April 4, 2025

The City Is Prayer

Friends, as I previously wrote, I planned to attend a three-day silent retreat in Pennsylvania, which I did in early March. Now is the time to share one of the key takeaways from those contemplative days.
Our readings during the retreat were from the 3rd Century, now known as the Desert Fathers, but I continue to wonder what caused them to want to leave the world and retreat to the desert. What was there in that time that they felt they had to leave behind? Comparatively speaking, I can better understand if they retreated from our present world, but there was something then, too, that they felt they needed to move away from, which would allow them the proper time to focus on God and prayer.
This group of monks came to be known in the Catholic tradition as the Desert Fathers.

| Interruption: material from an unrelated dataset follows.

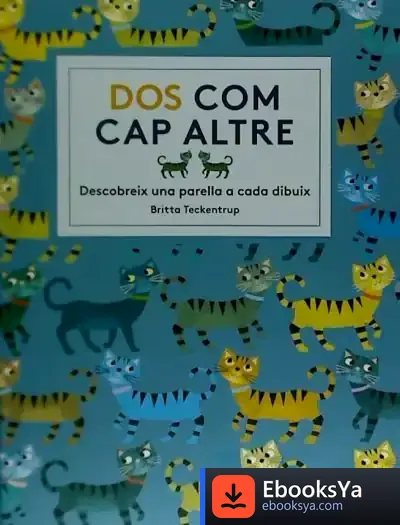 Descargar Dos Com Cap Altre de Britta Teckentrup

They are considered hermits and ascetics, with a hermit being someone who lives in solitude as a form of religious discipline, and ascetics referring to those who practice strict self-denial. 
Two sayings attributed to the Desert Fathers were these...
 
  • "When I was younger and remained in my cell, I set no limit to prayer; the night was for me as much the time of prayer as the day." 
  • "If a man wants God to hear his prayer quickly, then before he prays for anything else, even his own soul, when he stands and stretches out his hands towards God, he must pray with all his heart for his enemies." 
The central theme for me, coming away from the retreat, is that the 'city' is prayer. By this is meant that our community, or ourselves as individuals, must hold prayer as a central and unifying practice.
The City is Prayer. St. Isaiah the Solitary's teachings emphasized the importance of prayer and inner stillness as a path to spiritual growth and communion with God, urging people to guard their hearts and minds against distractions.
We each have our cities. Ourselves. Our family. Our community, and all those who God has placed in our lives. Prayer guards our city, all of us, from the enemy as a rampart.
There should be no limits to when we pray and for whom we pray, particularly our enemies.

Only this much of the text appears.